Retour
 
 

Fin du charbon : l’Europe avance en ordre dispersé, par Jean Comte

[Fin du charbon : l’Europe avance en ordre dispersé, par Jean Comte ], pour plus d'information, consulter la description longue en dessous de cette illustration

Manifestation contre la disparition de la forêt de Hambach et l’extraction de lignite par l’entreprise RWE, premier producteur d'électricité en Allemagne, 2017
© Wikimedia Commons

Agrandir l'image

Mis à jour le 07/11/2018

Introduction

Les propos alarmants qui circulent sur le changement climatique ne doivent pas cacher les bonnes nouvelles sur la transition énergétique européenne. Et notamment la disparition progressive du charbon comme source d’énergie, confronté à la double concurrence du nucléaire et du renouvelable. Mais cette image globale cache des réalités nationales différentes - depuis le modèle très vert de la Suède jusqu’à la production importante encore de la Pologne, en passant par les contradictions et les débats internes de l’Allemagne et de la France.


La victoire des renouvelables  marque  la fin d’une ère pour le charbon

La bonne nouvelle, annoncée début 2018, en avait surpris plus d’un : en 2017, la part d’électricité produite en Europe par les énergies renouvelables avait atteint 30 %, dépassant pour la première fois le charbon(1).

Cette annonce, à vrai dire, ne représentait que l’aboutissement logique d’une tendance lancée il y a près de trente ans : la diminution progressive de cette matière polluante dans le mix énergétique européen. Les chiffres parlent d’eux-mêmes : en 1990, elle était à l’origine de 40,5 % de l’énergie produite dans l’Union européenne (UE). En 2016, elle n’en représentait plus que 22,5 %(2) - et ce malgré l’entrée en bloc (2004, 2007) de plusieurs pays d’Europe de l’Est, davantage tournée traditionnellement vers cette industrie.

« Le charbon, qui était la source énergétique principale sur le continent il y a quelques décennies, a perdu du terrain», résumait The Economist fin 2017. « Il y a peu de chance qu’il revienne »(3).

Et pourtant, les ONG actives sur le sujet se sont bien gardées de se réjouir trop bruyamment. Au-delà des chiffres agglomérés à l’échelle européenne, leurs analyses ne cessent de pointer une réalité très fragmentée - et quelquefois inquiétante - au niveau des différentes États membres.

De la Suède à la Pologne, des situations fort différentes

De l’Est à l’Ouest et du Nord au Sud, le continent présente en effet des situations disparates en termes de transition énergétique.

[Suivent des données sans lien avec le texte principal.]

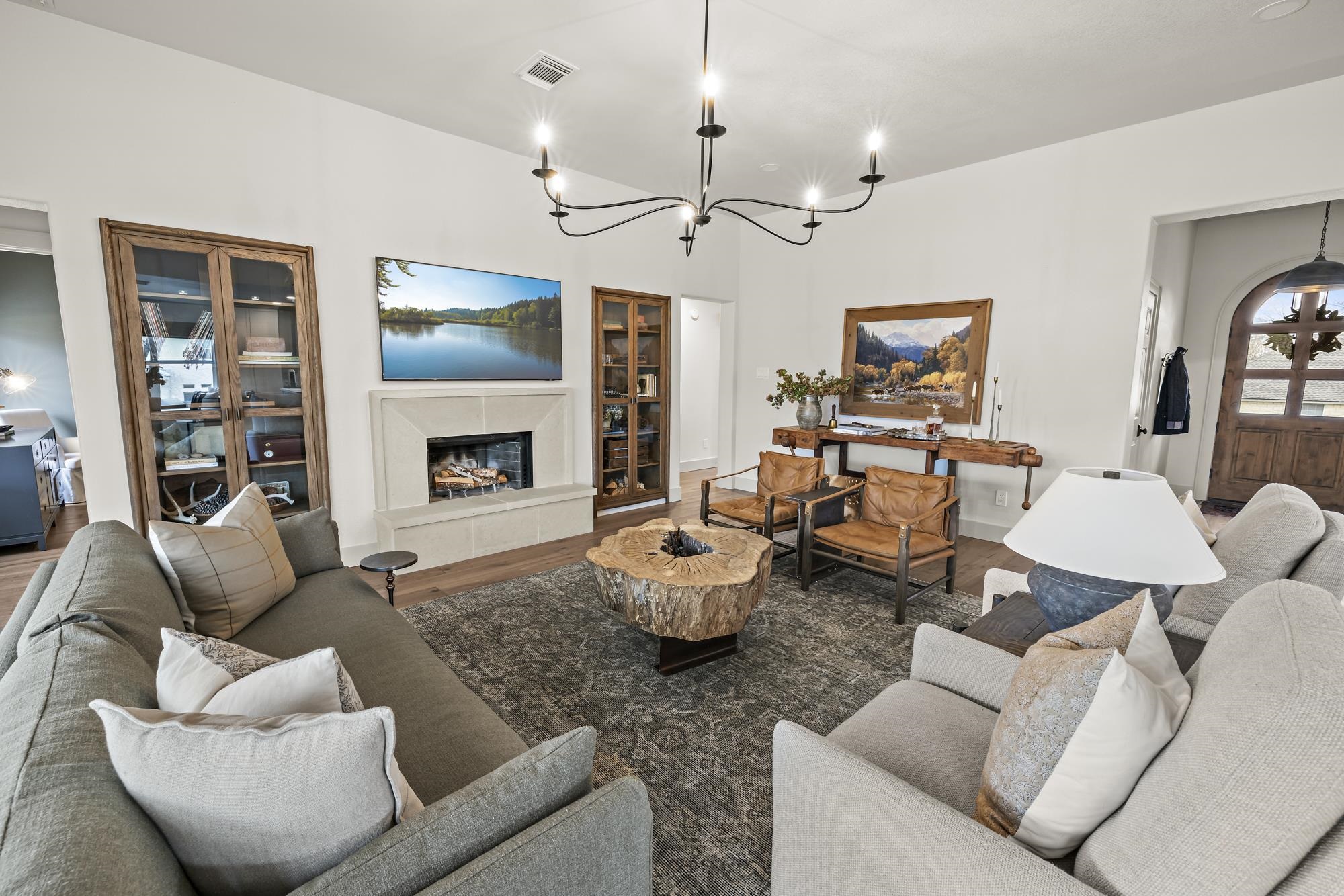 270 Chaparral Meadowlakes, TX 78654 - Photo 7 of 28 a living room with furniture kitchen view and a fireplace
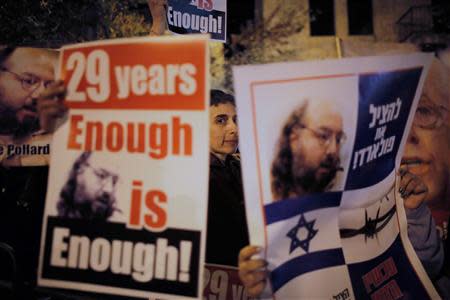 Israelis hold placards depicting Jonathan Pollard during a protest calling for his release from a U.S. prison, outside U.S. Secretary of State John Kerry's hotel in Jerusalem in this file photo froim January 2, 2014. REUTERS/Ammar Awad/Files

En haut du classement, on trouve tout d’abord la Suède, championne de l’énergie verte. Le pays se vante de produire 83 % de son électricité grâce au renouvelable et au nucléaire, laissant seulement 1,2 % au charbon(4).

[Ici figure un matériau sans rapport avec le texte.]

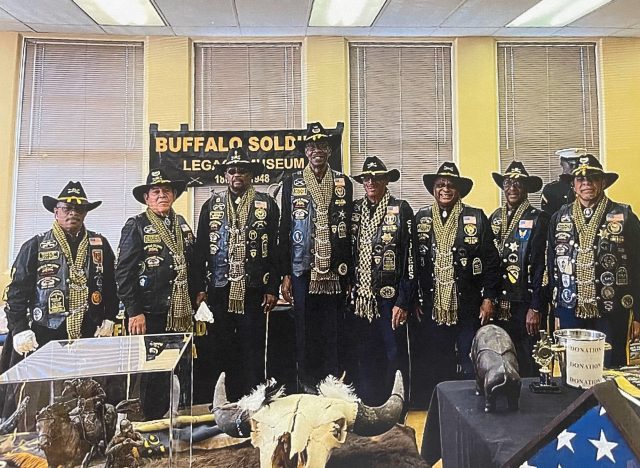 Members at the Buffalo Soldiers Legacy Museum exhibit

À l’autre extrémité du groupe, la Pologne consacre le charbon, première source d’énergie du pays, comme une richesse nationale, et n’entend pas réduire sa consommation. Énorme producteur (72,2 millions de tonnes de charbon et 63,1 millions de tonnes de lignite extraites en 2015), le pays produit encore environ 82 % de son électricité grâce au charbon. Et, bien qu’il soit liée par les objectifs climatiques européens, il a récemment envoyé des signaux contradictoires, notamment en inaugurant fin 2017 une nouvelle unité de production de 1 075 MW - la plus puissante jamais construite sur le continent(5).

Conséquence logique, les régions extractives dépendent très fortement de cette industrie, ce qui complique la transition. Ainsi, en Silésie, ce serait 590 000 foyers qui dépendraient des diverses activités liés à l’extraction ou à la transformation du charbon(6).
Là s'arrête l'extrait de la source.